INSTRUCTIONS TO FOLLOW
No pictures in the copy, please: retype all the records exactly.

Pictures with short captions:
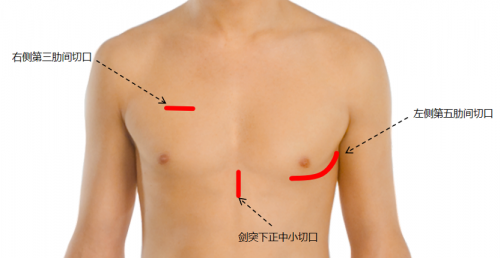 重大突破！福建首創(chuàng)長(zhǎng)期人工心臟微創(chuàng)植入術(shù)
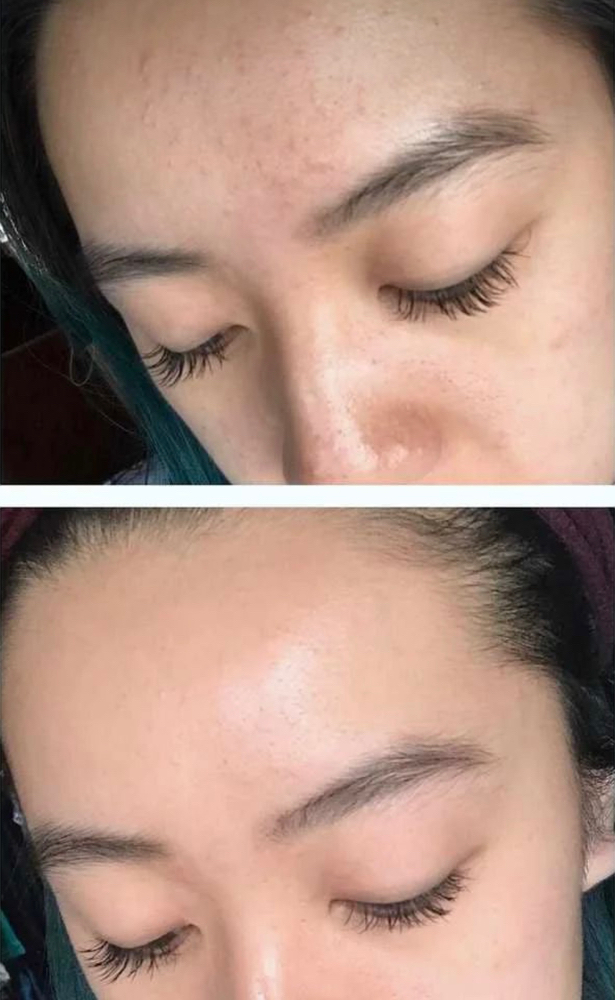 Acne Treatment Facial at MP Aesthetics & Beauty LLC in Foley, AL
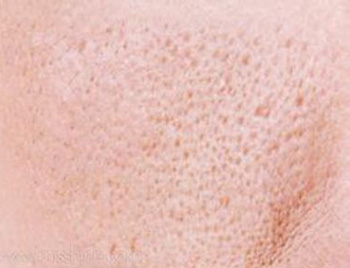 面部毛孔粗大的原因，全面分析6大原因  毛孔粗大 美白祛黄 第3张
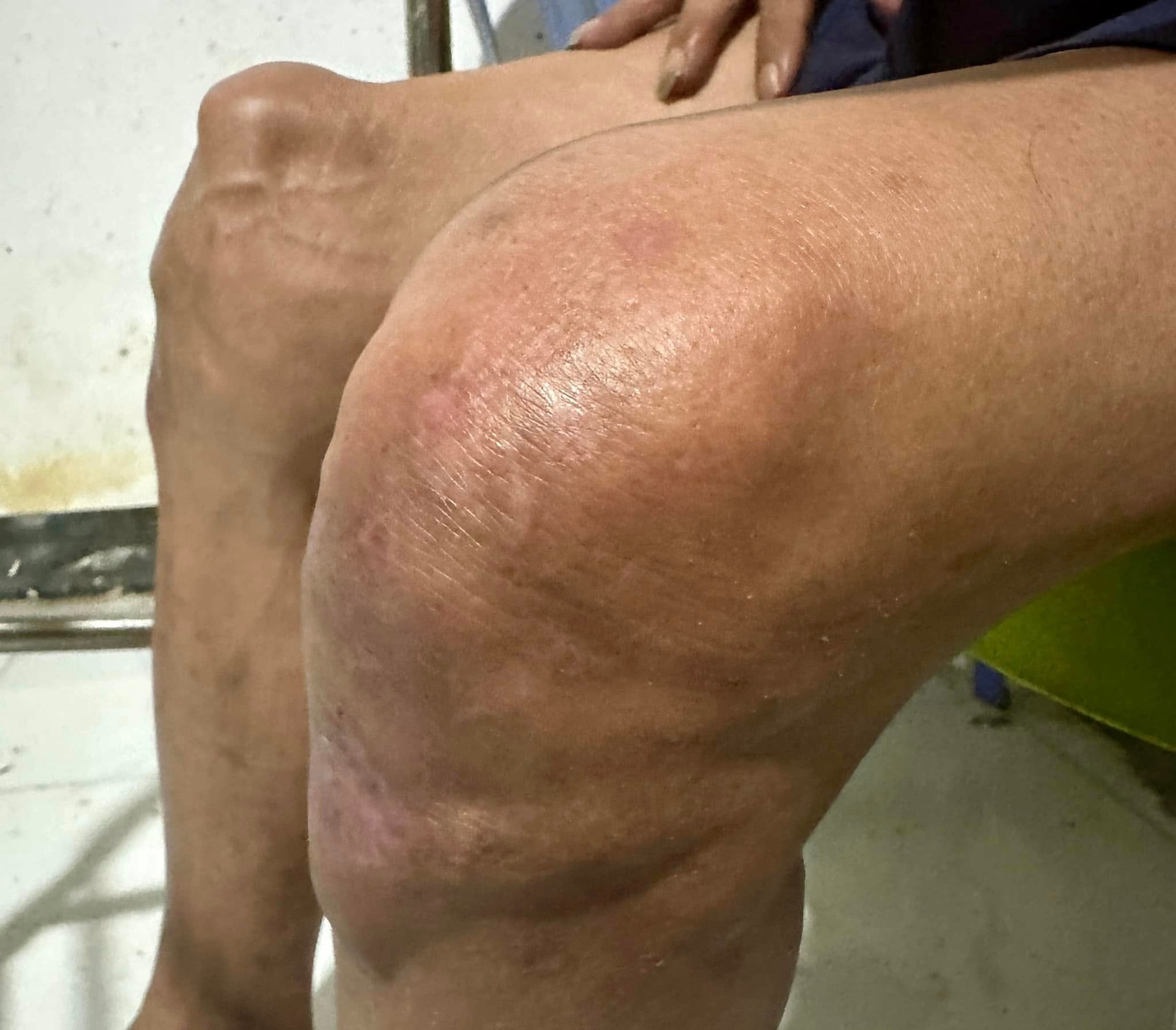 Nghệ sĩ Thương Tín không thể đi lại do hai chân sưng phù, chưa rõ nguyên nhân.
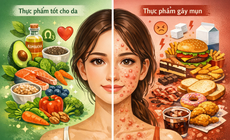Ăn gì để da sạch mụn, mịn màng?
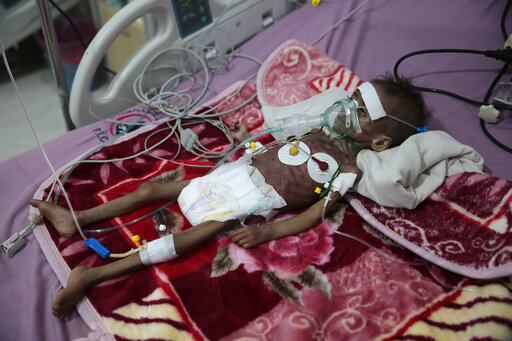 Un Warns Covid 19 Is `roaring Back’ As Yemen Faces Famine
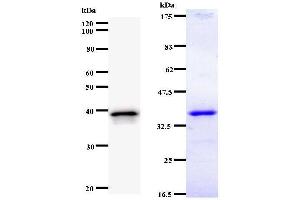 Left: UBP1 staining. (UBP1 antibody)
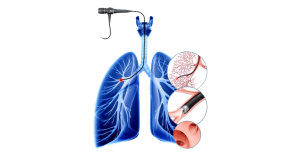 Interventsion pulmonologiyaning so'nggi yutuqlari Bronkoskopik termal bug 'ablatsiyasi (BTVA)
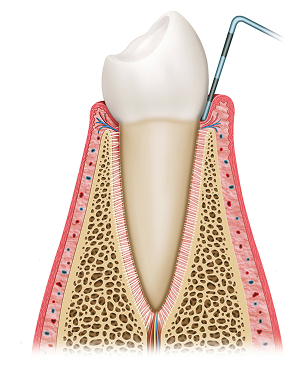 건강한 잇몸 이미지
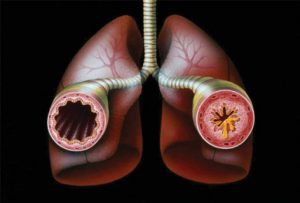 bronchial-wall-in-asthma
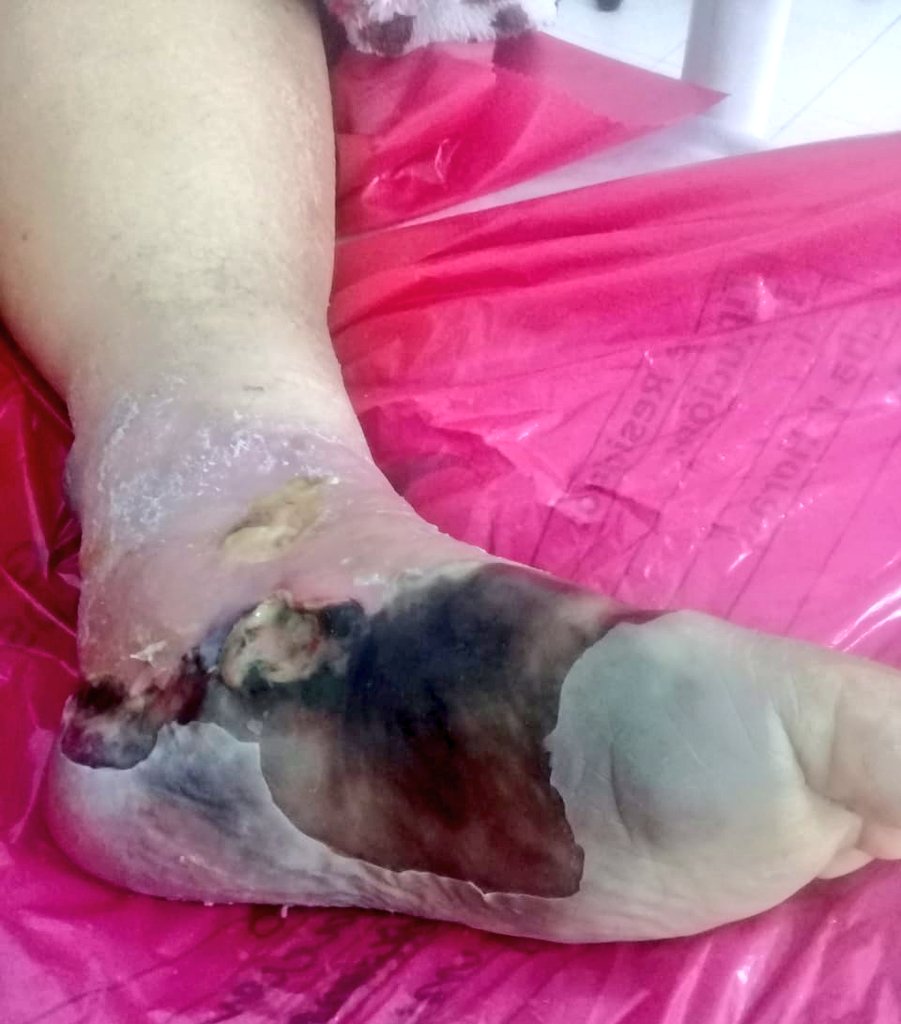 castellanosfj's tweet photo. Graciela tiene 70 años, intentó durante más de 6 meses tener acceso a un adecuado tratamiento para su enfermedad. Sin embargo, las demoras y negligencias administrativas persistieron. No fue atendida y ahora deben amputar su pie.
¡El modelo de salud tiene que cambiar! https://t.co/fg76KFrkJY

FINISHED EXERCISE
 重大突破！福建首創(chuàng)長(zhǎng)期人工心臟微創(chuàng)植入術(shù)
 Acne Treatment Facial at MP Aesthetics & Beauty LLC in Foley, AL
 面部毛孔粗大的原因，全面分析6大原因  毛孔粗大 美白祛黄 第3张
 Nghệ sĩ Thương Tín không thể đi lại do hai chân sưng phù, chưa rõ nguyên nhân.
Ăn gì để da sạch mụn, mịn màng?
 Un Warns Covid 19 Is `roaring Back’ As Yemen Faces Famine
 Left: UBP1 staining. (UBP1 antibody)
 Interventsion pulmonologiyaning so'nggi yutuqlari Bronkoskopik termal bug 'ablatsiyasi (BTVA)
 건강한 잇몸 이미지
 bronchial-wall-in-asthma
 castellanosfj's tweet photo. Graciela tiene 70 años, intentó durante más de 6 meses tener acceso a un adecuado tratamiento para su enfermedad. Sin embargo, las demoras y negligencias administrativas persistieron. No fue atendida y ahora deben amputar su pie.
¡El modelo de salud tiene que cambiar! https://t.co/fg76KFrkJY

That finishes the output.